Cisco Reorganization Is Competitive Edge: CEO Chambers

Wednesday Aug 10th 2011 by Jeffrey Burt

Cisco CEO John Chambers said the reorganization and restructuring the company is undergoing will prove to be a competitive advantage against its rivals.

The painful and company-wide restructuring and job cuts at Cisco Systems, brought on by several disappointing financial quarters, will prove to be a competitive advantage for the networking giant going forward, according to CEO John Chambers.

Speaking to analysts and journalists Aug. 10 while announcing the company's fiscal fourth-quarter financial numbers, Chambers noted that rivals are beginning to undergo the same market pressures-such as significant drops in public sector spending-that have haunted Cisco over the past year.

Cisco is months along a journey that competitors like Juniper Networks and Riverbed Technology-both of which saw difficult quarters-are just about to begin, he said.

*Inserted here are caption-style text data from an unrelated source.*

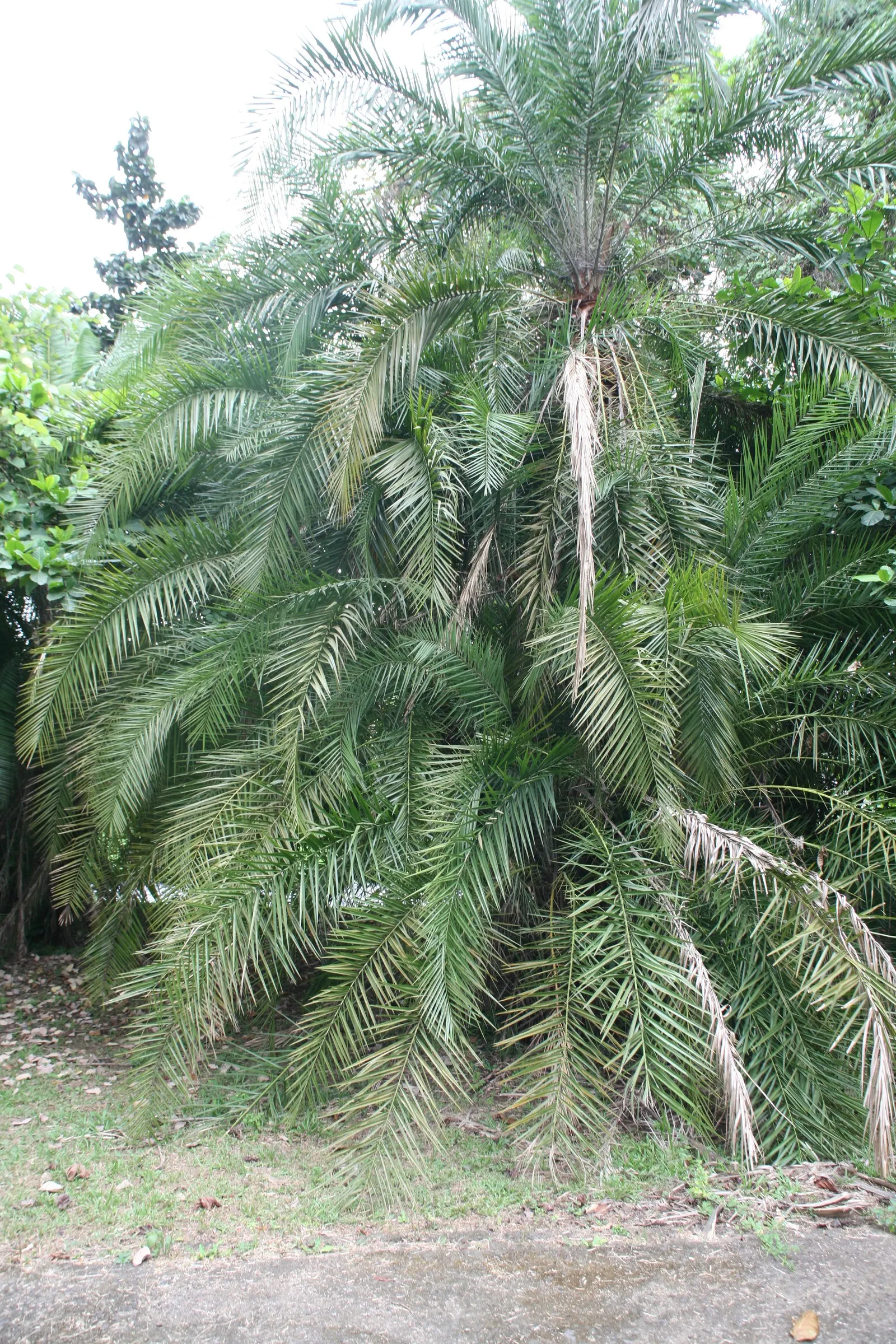 Senegal Date Palm (Phoenix reclinata) — The pinnate leaves boast a rich green color that imparts a lush aesthetic throughout the year; creating a fountain-like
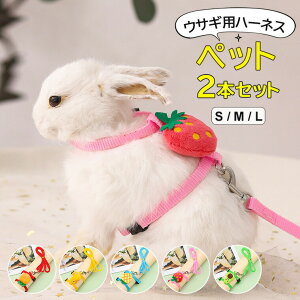 C`SjW̃}XRbgL[gIׂ5 2gZbg pn[lX [h 2_Zbg p ep ^b`obN }XRbgt ybgpi ɂ񂶂  ʕ 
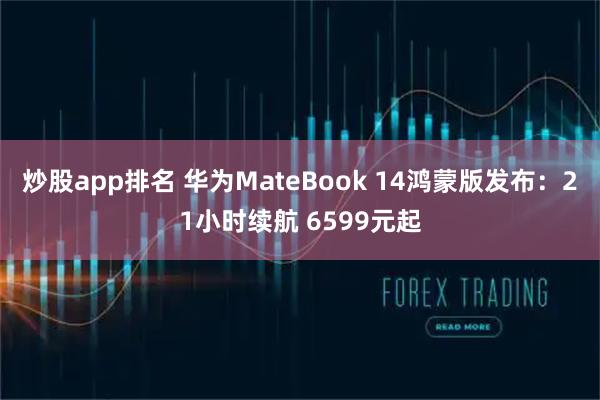 炒股app排名 华为MateBook 14鸿蒙版发布：21小时续航 6599元起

"Our moves now give us the advantage over our competitors," Chambers said.

Those moves include streamlining its sales, services and engineering units, getting rid of businesses that don't address Cisco's key markets-the company essentially cut its consumer business and rid itself of its profitable Flip video camera unit-and reducing the workforce by about 9 percent by cutting about 6,500 jobs. Seventeen percent of those workers at the vice president level or higher were cut, and another 5,000 will leave Cisco when the company sells its TV set-top box manufacturing plant in Mexico.

The goal is to cut $1 billion in annual operating expenses, and the result will be a more competitive and more focused Cisco, Chambers said.

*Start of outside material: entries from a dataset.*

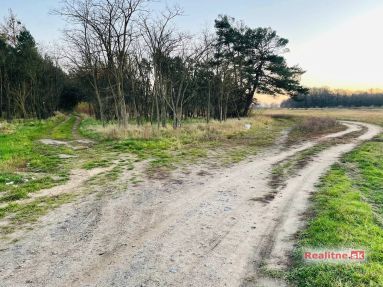 photo_20_2025-11-12_20-31-55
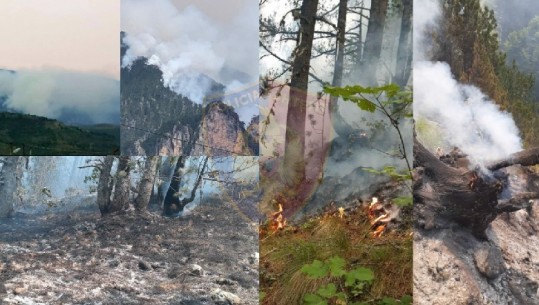 NDEZËN ZJARR NË MALIN E TOMORRIT/ 2 të arrestuar, 3 hetim në gjendje të lirë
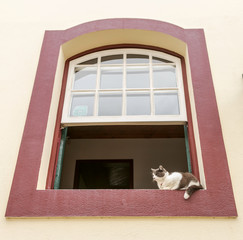 Gato de estima&ccedil;&atilde;o em janela de casa colonial de Ouro Preto, Brasil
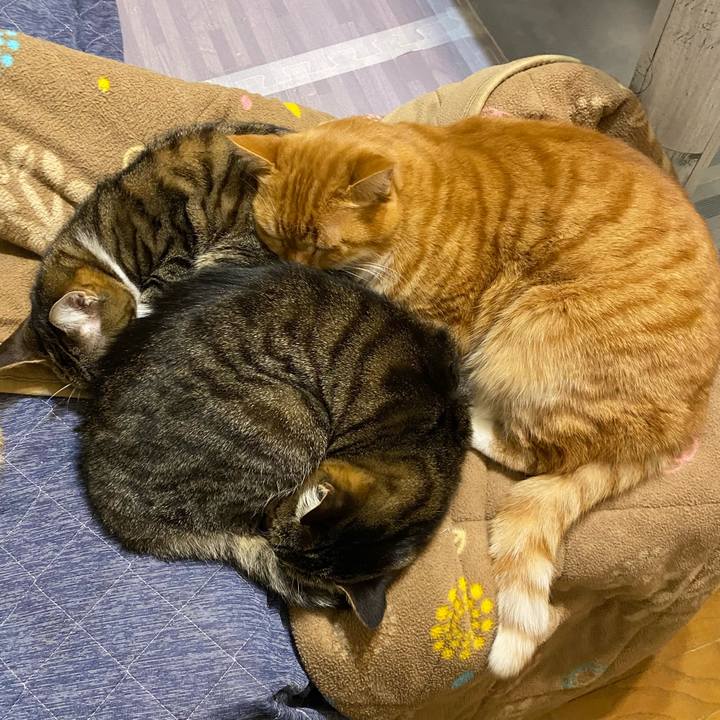 9fb89a7e 6e47 4fee 9d04 fe0e069446b5 1640812313278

Juniper last month announced an 11 percent drop in income on a 15 percent revenue increase, numbers that missed analyst targets. Juniper officials said solid numbers in their switching and router businesses were offset by the difficult economy and other factors. Riverbed's stock also took a hit last month, despite the company's 35 percent growth in revenues.

Cisco's financial numbers were a mixture, though the overall story was one of a company that seems to be finding its footing again. Revenues in the fourth quarter rose 3.3 percent, to $11.2 billion, and 7.9 percent for the entire fiscal year. In addition, product orders jumped 11 percent. However, net income dropped 12.4 percent, to $2.2 billion.

Among the bright spots was data center equipment, in particular Cisco's UCS (Unified Computing System) business, which saw its run rate jump to $1.1 billion and another 2,000 customers sign on, bringing the total number of UCS customers to more than 7,400.

However, there continue to be challenges, in particular the continued drop in public sector spending, which accounts for as much as a fifth of Cisco revenues. Federal government revenues fell 18 percent, while state and local dropped 2 percent.

Chambers also acknowledged the difficult world economy, particularly in light of the high volatility of stocks in recent days following the increasing problems in the European Union and Standard & Poor's decision last week to lower the United States' bond rating.

For the current quarter, Cisco officials said they expect sales to grow as much as 4 percent-or between $10.8 billion to $11.1 billion-over the same period last year.